Les négociations sont en cours entre l'Andorre et l'Espagne pour établir une convention fiscale. C'est très important pour l'Andorre. Avant les années 2000, elle importait à peu près autant depuis la France que depuis l'Espagne. L'Espagne représente désormais 63 % du total, et la France 12 %.
La remarque de Jacques Myard est tout à fait justifiée. C'est une aberration au regard du droit international.
J'aimerais savoir quel est le statut fiscal des Français résidant en Andorre, en comparaison avec Monaco. Sont-ils considérés comme des contribuables français ?
Andorre est un Etat souverain et indépendant. Le fait que, pour des raisons historiques, la fonction très formelle de chef de l'Etat soit exercée par l'évêque d'Urgell et par le Président de la République française, en tant que successeur des Rois de France et du Comte de Foix, n'y change rien. Ce sont les règles fiscales générales qui s'appliquent.
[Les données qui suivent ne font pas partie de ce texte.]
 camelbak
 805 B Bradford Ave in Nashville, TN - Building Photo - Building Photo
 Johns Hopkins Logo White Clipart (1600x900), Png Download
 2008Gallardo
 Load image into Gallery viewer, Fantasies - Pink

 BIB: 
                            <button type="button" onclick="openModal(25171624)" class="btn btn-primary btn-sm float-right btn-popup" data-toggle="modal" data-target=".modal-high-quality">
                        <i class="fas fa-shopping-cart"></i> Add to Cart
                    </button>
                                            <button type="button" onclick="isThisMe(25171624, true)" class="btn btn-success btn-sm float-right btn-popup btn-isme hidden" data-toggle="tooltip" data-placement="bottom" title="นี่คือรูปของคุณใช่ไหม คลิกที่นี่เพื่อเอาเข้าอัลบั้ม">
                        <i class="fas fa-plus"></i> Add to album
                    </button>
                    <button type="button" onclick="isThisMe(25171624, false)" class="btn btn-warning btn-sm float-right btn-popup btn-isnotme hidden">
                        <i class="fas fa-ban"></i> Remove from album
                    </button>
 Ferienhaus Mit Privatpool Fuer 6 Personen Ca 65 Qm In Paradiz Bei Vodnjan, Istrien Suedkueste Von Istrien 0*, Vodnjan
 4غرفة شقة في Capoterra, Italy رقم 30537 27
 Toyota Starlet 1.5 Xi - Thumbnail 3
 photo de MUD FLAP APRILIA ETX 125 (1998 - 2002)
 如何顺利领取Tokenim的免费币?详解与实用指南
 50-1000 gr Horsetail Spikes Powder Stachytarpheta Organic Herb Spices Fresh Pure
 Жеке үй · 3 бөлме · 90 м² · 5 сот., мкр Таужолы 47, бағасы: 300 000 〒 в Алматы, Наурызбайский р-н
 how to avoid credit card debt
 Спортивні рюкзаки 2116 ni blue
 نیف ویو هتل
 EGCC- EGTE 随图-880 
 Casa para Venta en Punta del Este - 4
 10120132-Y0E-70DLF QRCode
La situation de Monaco est plus complexe au plan juridique.
Suivant les conclusions du rapporteur, la commission adopte sans modification le projet de loi (n° 2026).
Informations relatives à la commission
Au cours de sa réunion du mercredi 15 octobre 2014 à 9h30, la commission des affaires étrangères a nommé :
- Mme Chantal Guittet, rapporteure pour avis du projet de loi relatif à la réforme de l'asile (n° 2182) ;
- Mme Chantal Guittet, rapporteure pour avis du projet de loi relatif au droit des étrangers en France (n° 2183) ;
- M. Michel Vauzelle, rapporteur du projet de loi, adopté par le Sénat, autorisant la ratification du traité d'extradition entre la République française et la République d'Argentine (n° 785), du projet de loi, adopté par le Sénat, autorisant la ratification du traité d'extradition entre la République française et la République du Pérou (n° 1799) et du projet de loi, adopté par le Sénat, autorisant l'approbation de la convention d'extradition entre le Gouvernement de la République française et le Gouvernement de la République bolivarienne du Venezuela (n° 1883).
- M. Jean-René Marsac, rapporteur du projet de loi autorisant l'approbation de l'accord interne entre les représentants des Gouvernements des États membres de l'Union européenne, réunis au sein du Conseil, relatif au financement de l'aide de l'Union européenne au titre du cadre financier pluriannuel pour la période 2014-2020 conformément à l'accord de partenariat ACP-UE et à l'affectation des aides financières destinées aux pays et territoires d'outre-mer auxquels s'appliquent les dispositions de la quatrième partie du traité sur le fonctionnement de l'Union européenne (n° 2147) ;
- M. Michel Destot, rapporteur du projet de loi, autorisant l'approbation de l'accord entre le Gouvernement de la République française et le Gouvernement de la République populaire de Chine en vue d'éviter les doubles impositions et de prévenir l'évasion et la fraude fiscales en matière d'impôts sur le revenu (sous réserve de son dépôt à l'Assemblée nationale).
La séance est levée à dix heures trente.